**GIVEN DATA**
---

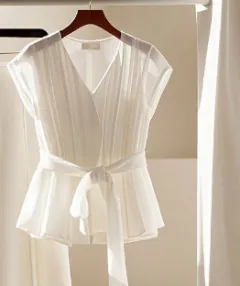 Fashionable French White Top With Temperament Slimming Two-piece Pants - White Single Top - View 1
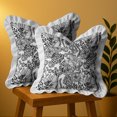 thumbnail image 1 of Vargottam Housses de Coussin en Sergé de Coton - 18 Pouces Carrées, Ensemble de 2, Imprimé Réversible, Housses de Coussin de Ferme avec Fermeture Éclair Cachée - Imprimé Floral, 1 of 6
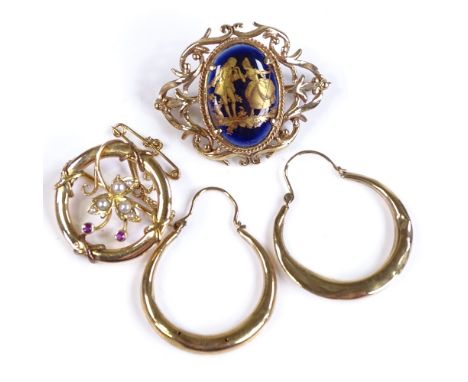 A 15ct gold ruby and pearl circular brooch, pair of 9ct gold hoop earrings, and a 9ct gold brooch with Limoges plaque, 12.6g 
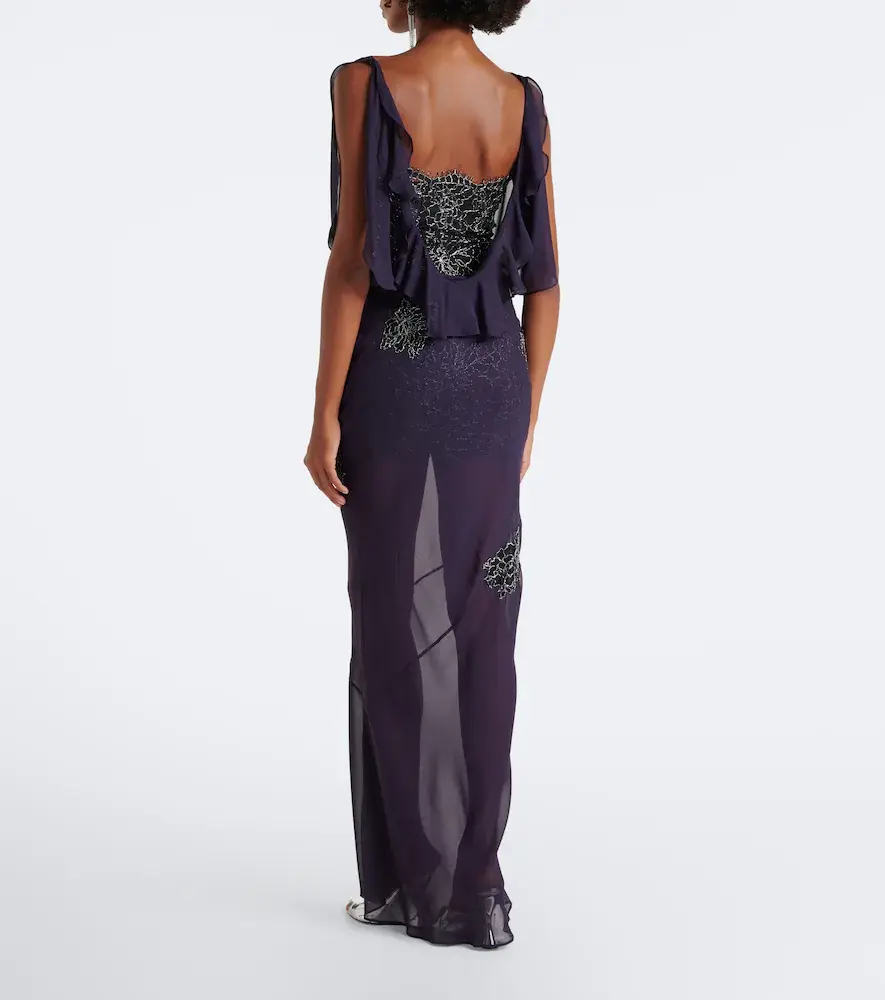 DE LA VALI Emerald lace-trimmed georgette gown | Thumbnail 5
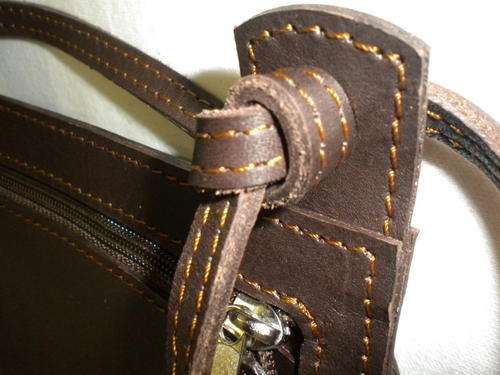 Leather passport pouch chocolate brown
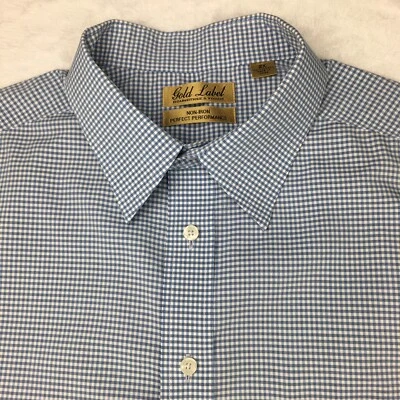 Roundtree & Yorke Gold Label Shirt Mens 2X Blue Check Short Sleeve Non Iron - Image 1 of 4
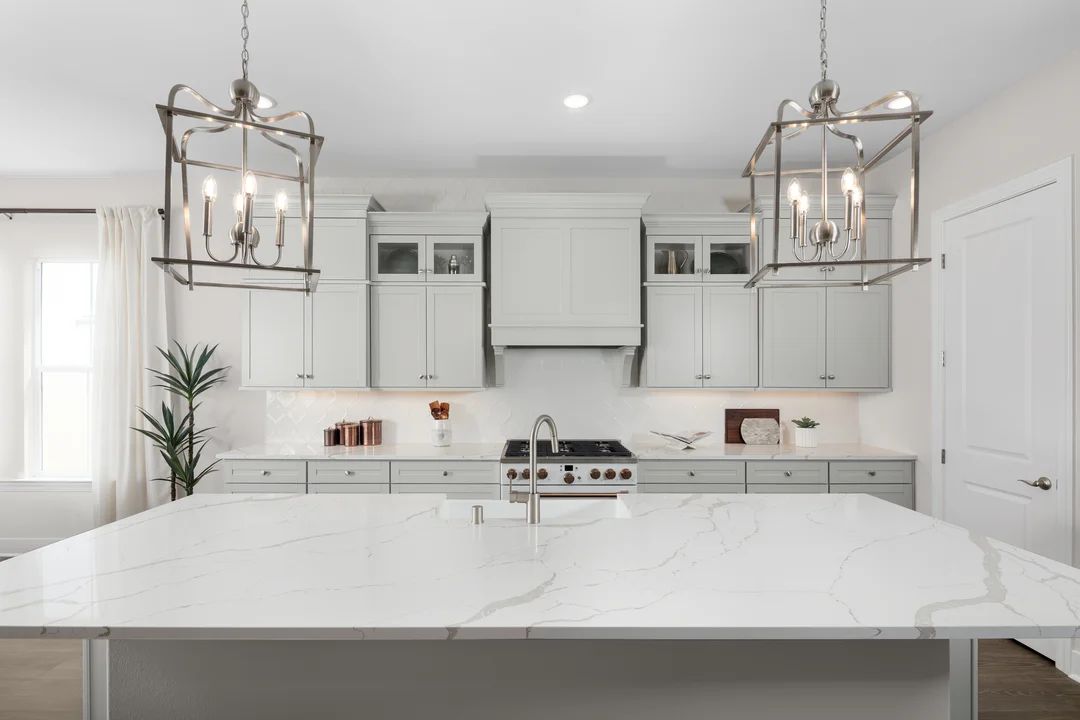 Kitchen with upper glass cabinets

---

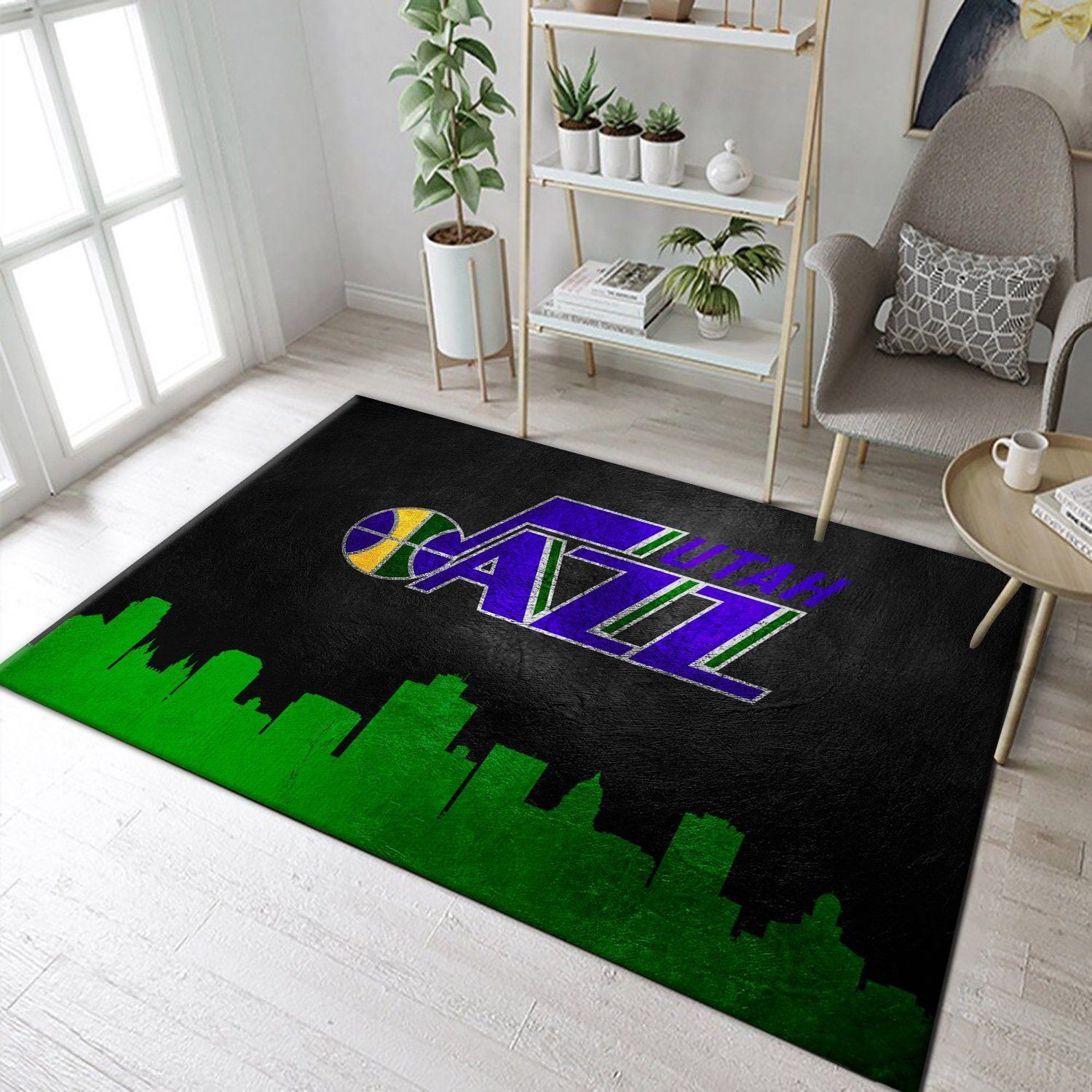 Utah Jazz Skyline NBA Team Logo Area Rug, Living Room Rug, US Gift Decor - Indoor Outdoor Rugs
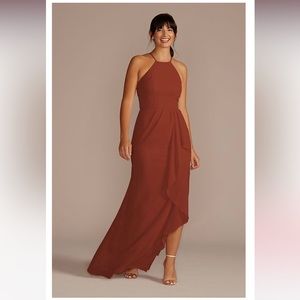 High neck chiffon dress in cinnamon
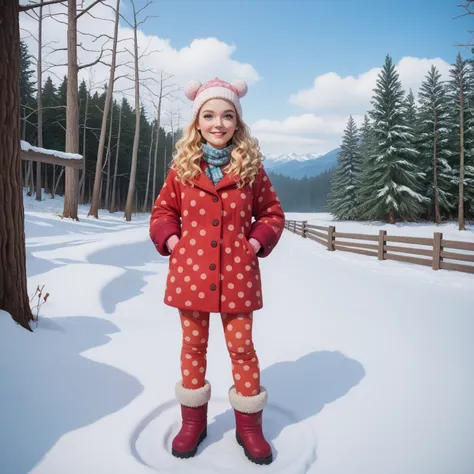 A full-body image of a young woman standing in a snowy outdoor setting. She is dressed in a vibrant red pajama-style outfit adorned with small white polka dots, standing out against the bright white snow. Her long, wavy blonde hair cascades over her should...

---

Keep to the lines above from the line with "Leather passport pouch chocolate brown" to the line with "Kitchen with upper glass cabinets", and set down exactly those, inclusive, with nothing else and every picture left out.

 Leather passport pouch chocolate brown
 Roundtree & Yorke Gold Label Shirt Mens 2X Blue Check Short Sleeve Non Iron - Image 1 of 4
 Kitchen with upper glass cabinets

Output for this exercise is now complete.